(Task requirements) Exactly retype the opening line of the entries and every line after it, ending with the line that contains "sunita placed as". Skip all pictures.
** Opening Provided data block **
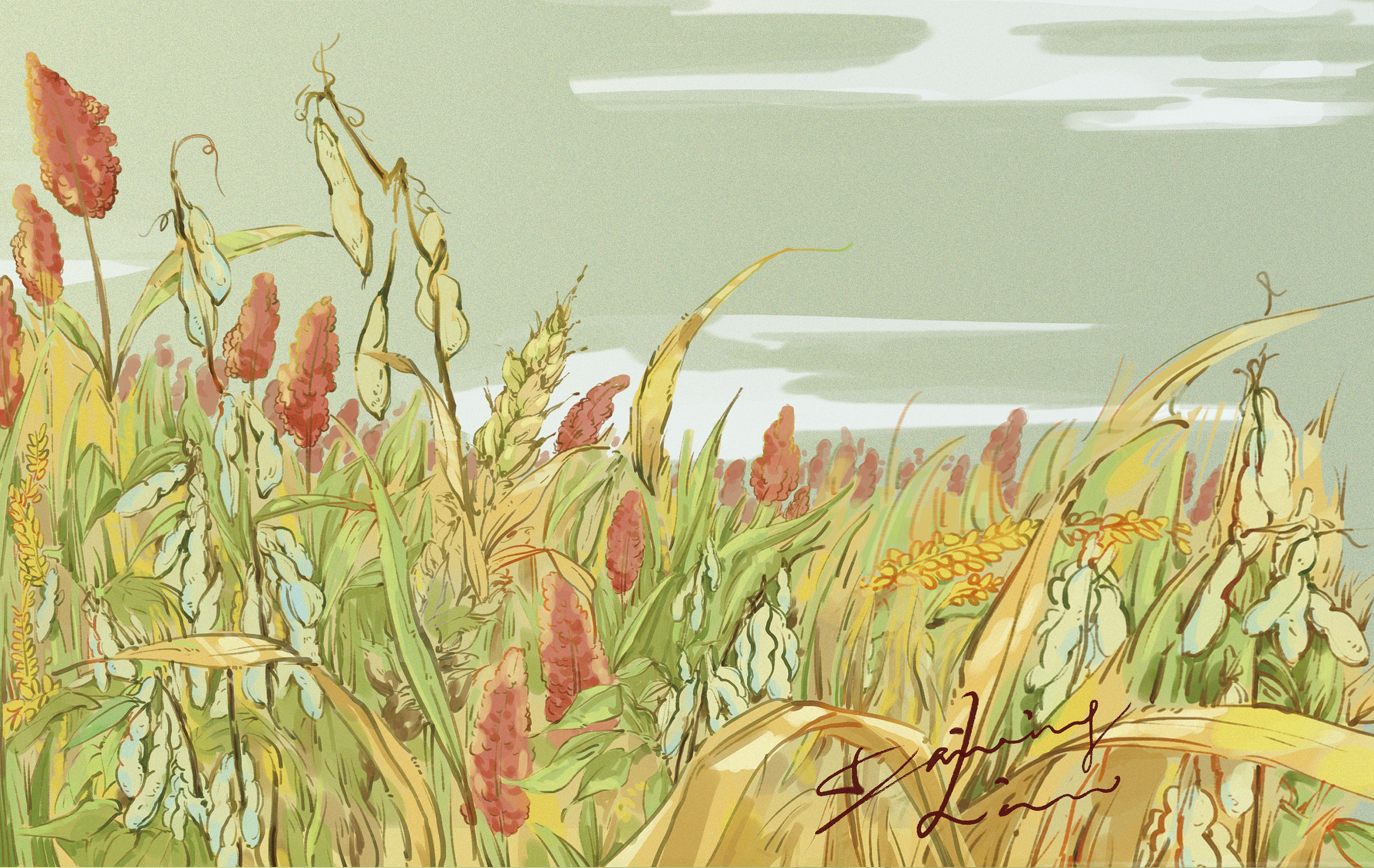 田园风物插画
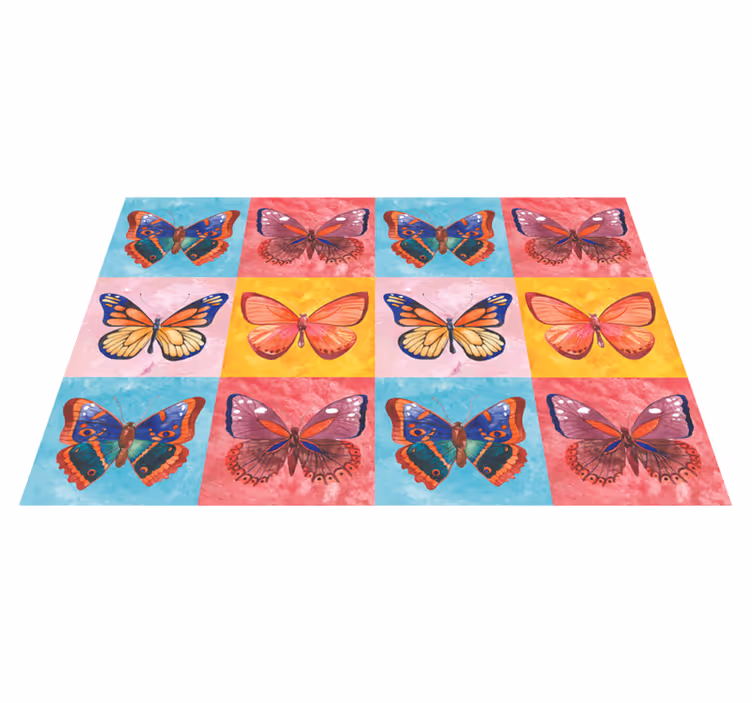 Colorful Butterfly Array floral vinyl carpet - TenStickers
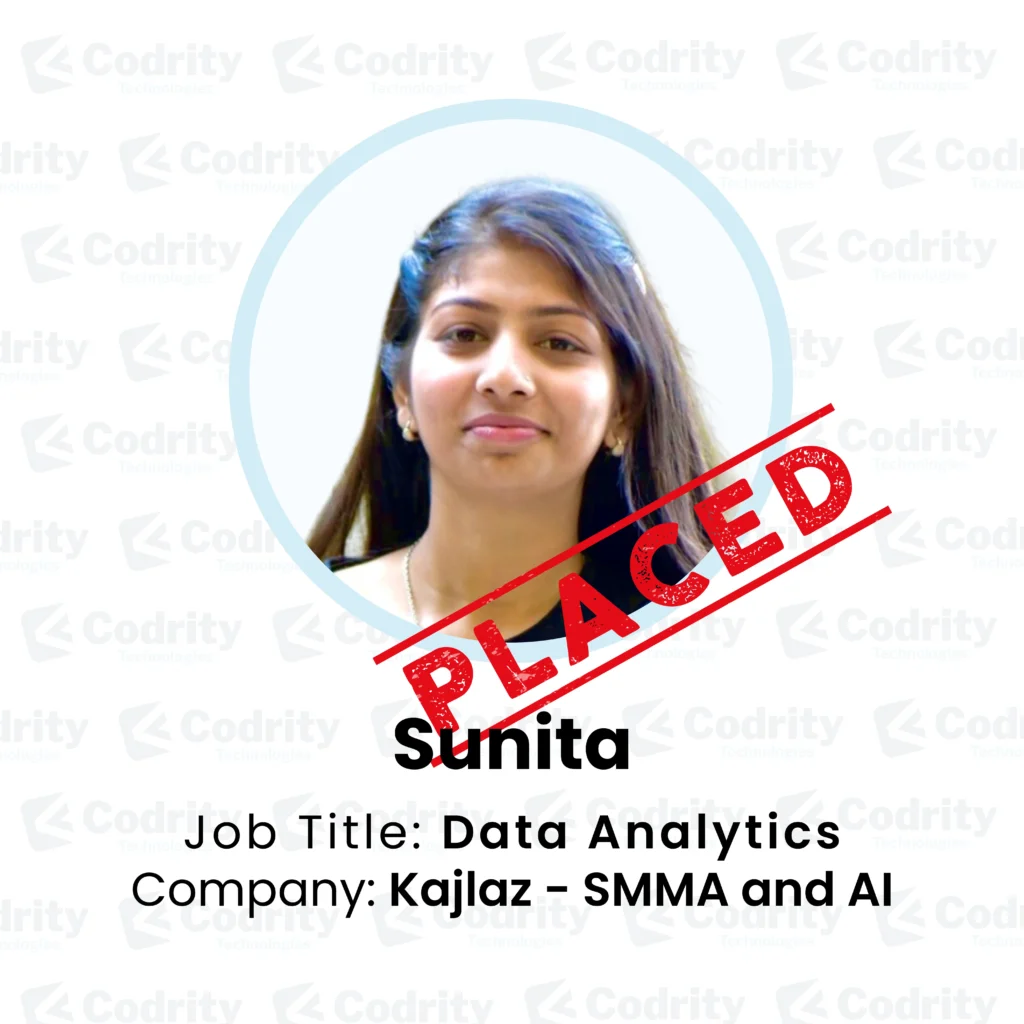 sunita placed as data analytics codrity student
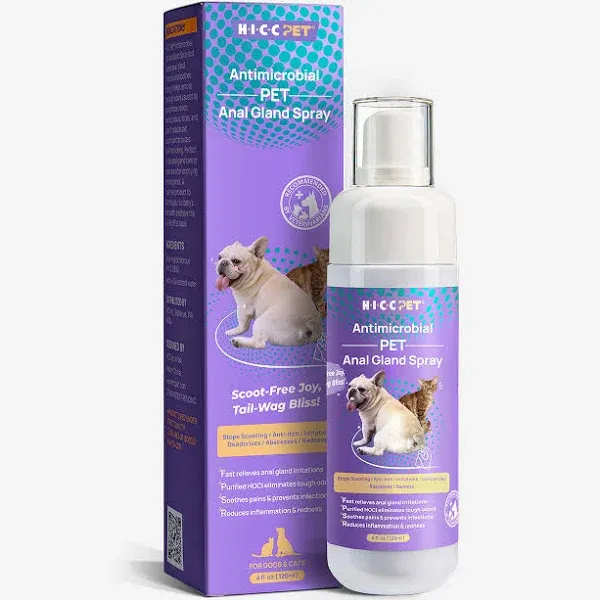 Anal Gland Spray for Cats, Cat Anal Gland Spray with Aloe Vera & Chamomile Eliminates Tough Odors, Supports Pain Relief & Soothes Itching - Pet Supplies Anal Gland Support Spray for Cats - 4.4 Fl Oz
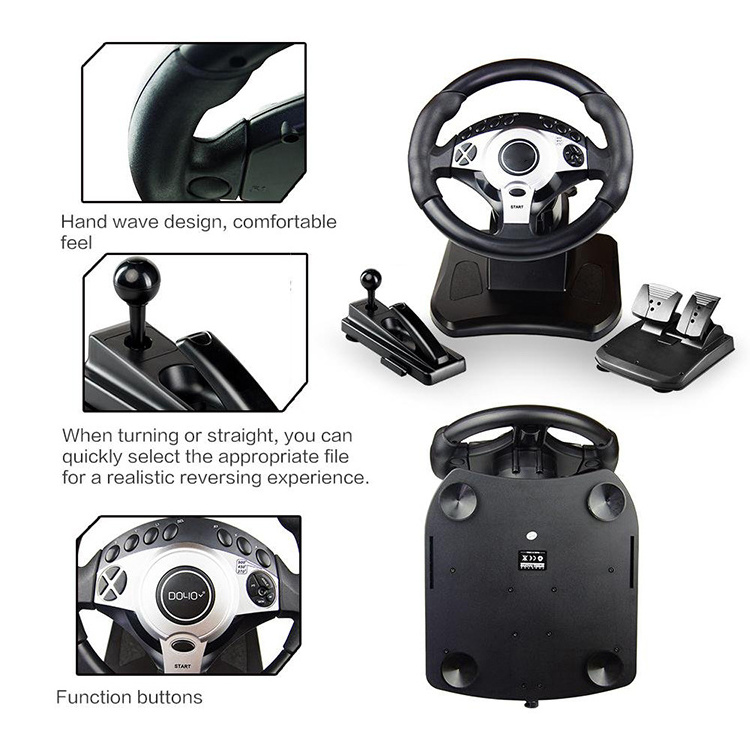 2022 New programmable buttons plug any play 900 degreeturn  Car Gaming Steering Wheel for PC PS switch X box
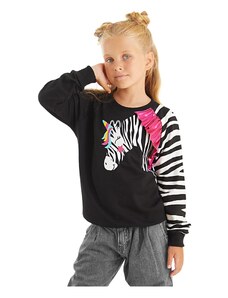 Denokids Ruffled Zebra Girl's Black Sweatshirt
** Closing Provided data block **
(Completed exercise)
 田园风物插画
 Colorful Butterfly Array floral vinyl carpet - TenStickers
 sunita placed as data analytics codrity student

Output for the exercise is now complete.